Scraped caption text data:

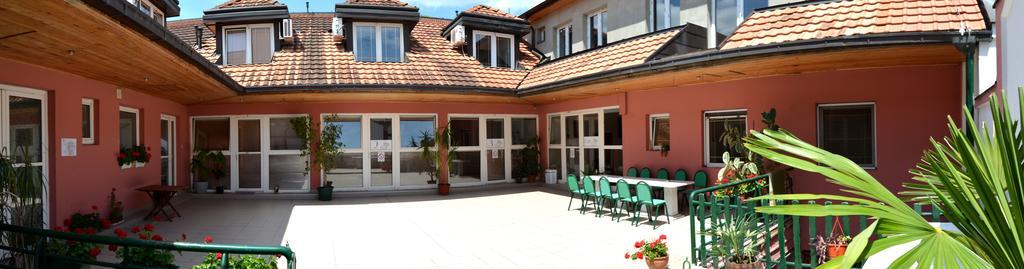 Terasa Hostel Novi Sad Luaran gambar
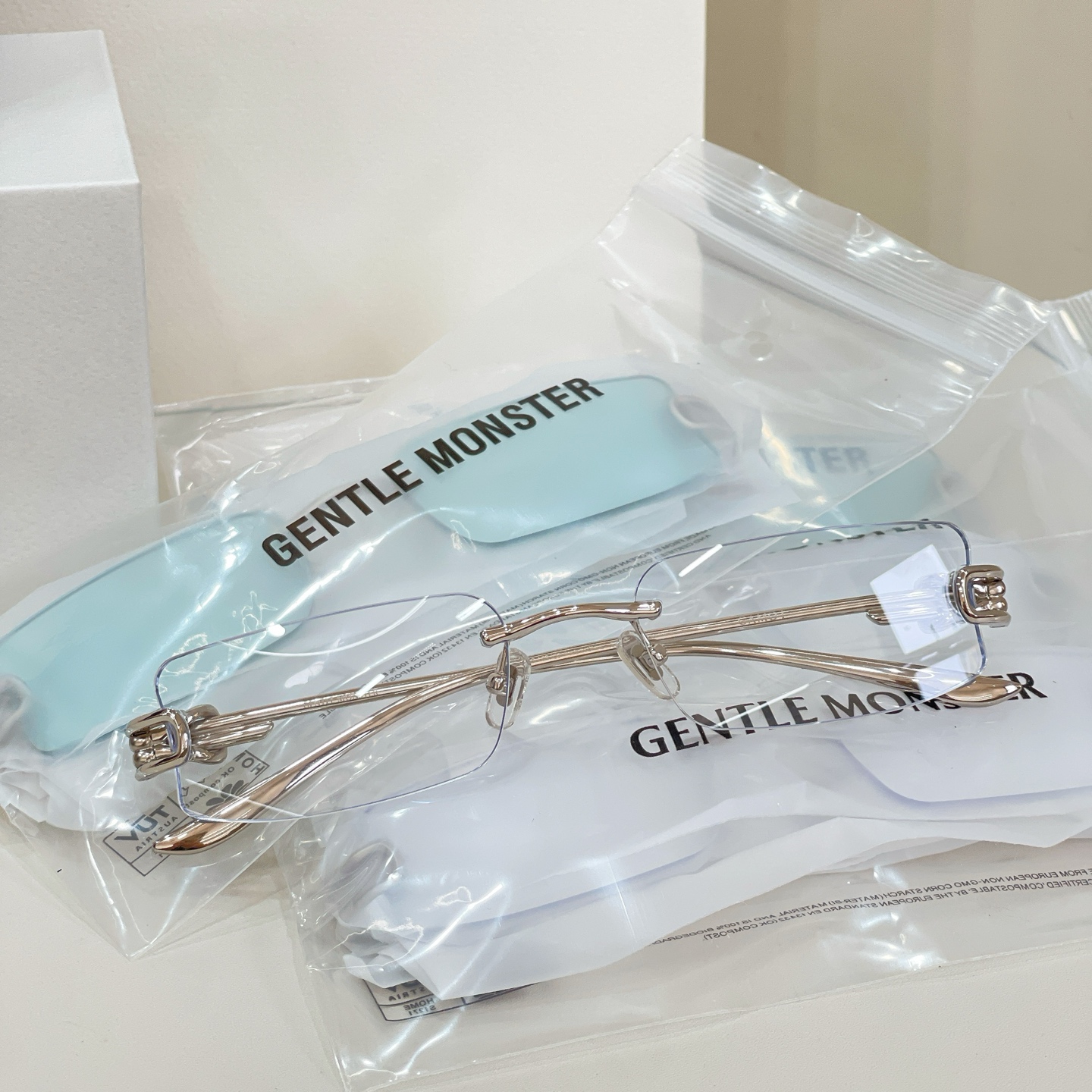 Gentle Monster Gentle Monster MODEL：GAMOT SIZE：56口18-140 高版本～～钛～～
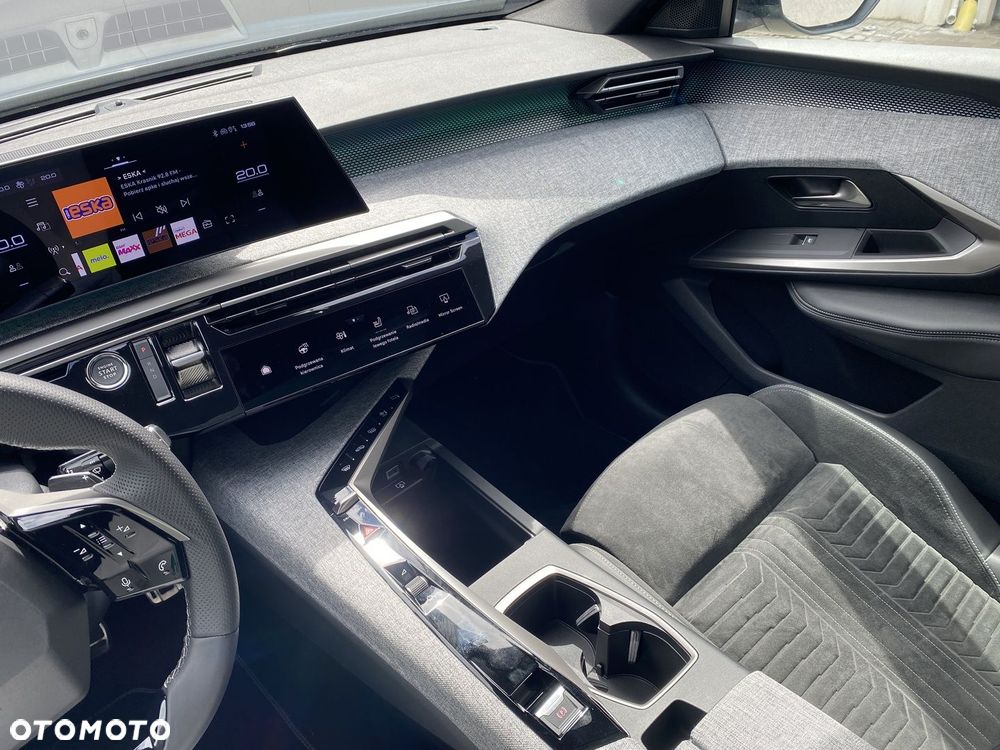 Peugeot E-5008 - 20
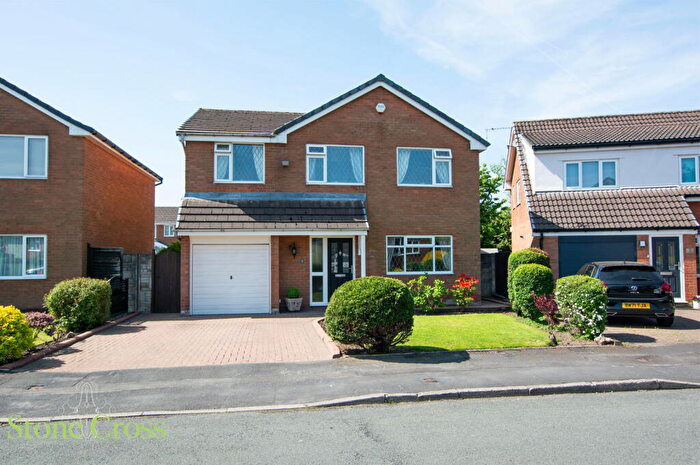4 Bedroom Detached House For Sale In Riding Close, Astley, M29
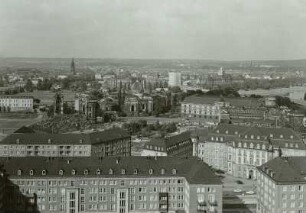Dresden. Blick vom Rathausturm nach Nordosten über die Wohnblöcke an der Ernst-Thälmann-Straße zum Neumarkt und Albertinum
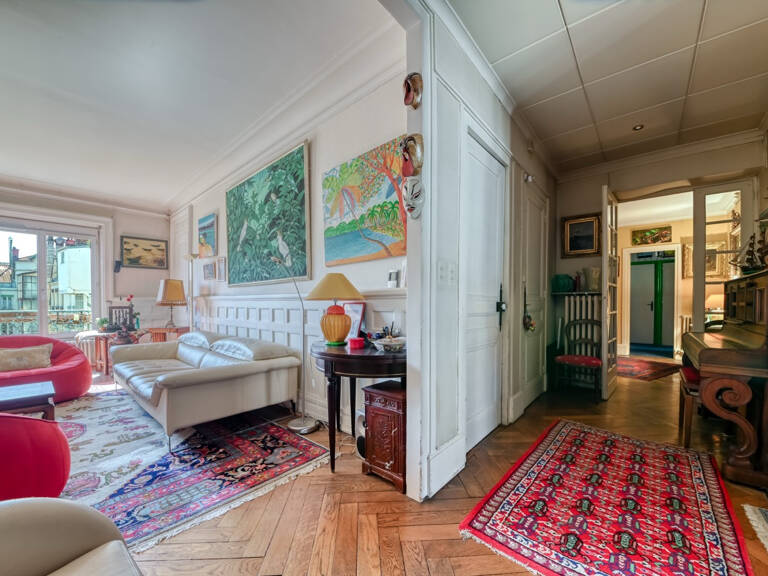 Dernier étage pour cet appartement familial avec un balcon — photo 1
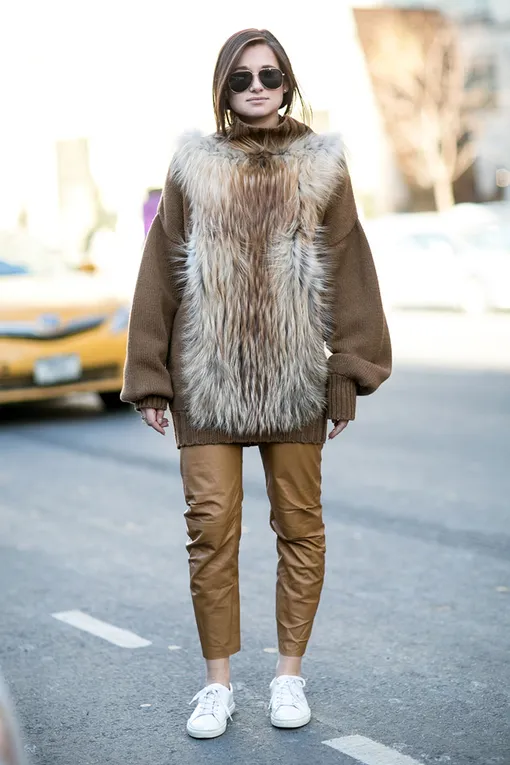 с чем носить кожаные брюки примеры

▶ [EXERCISE OBJECTIVE]:
The reply must match the records exactly, apart from the pictures, which are left out.

▶ [RESULT OF THIS TASK]:
 Terasa Hostel Novi Sad Luaran gambar
 Gentle Monster Gentle Monster MODEL：GAMOT SIZE：56口18-140 高版本～～钛～～
 Peugeot E-5008 - 20
4 Bedroom Detached House For Sale In Riding Close, Astley, M29
Dresden. Blick vom Rathausturm nach Nordosten über die Wohnblöcke an der Ernst-Thälmann-Straße zum Neumarkt und Albertinum
 Dernier étage pour cet appartement familial avec un balcon — photo 1
 с чем носить кожаные брюки примеры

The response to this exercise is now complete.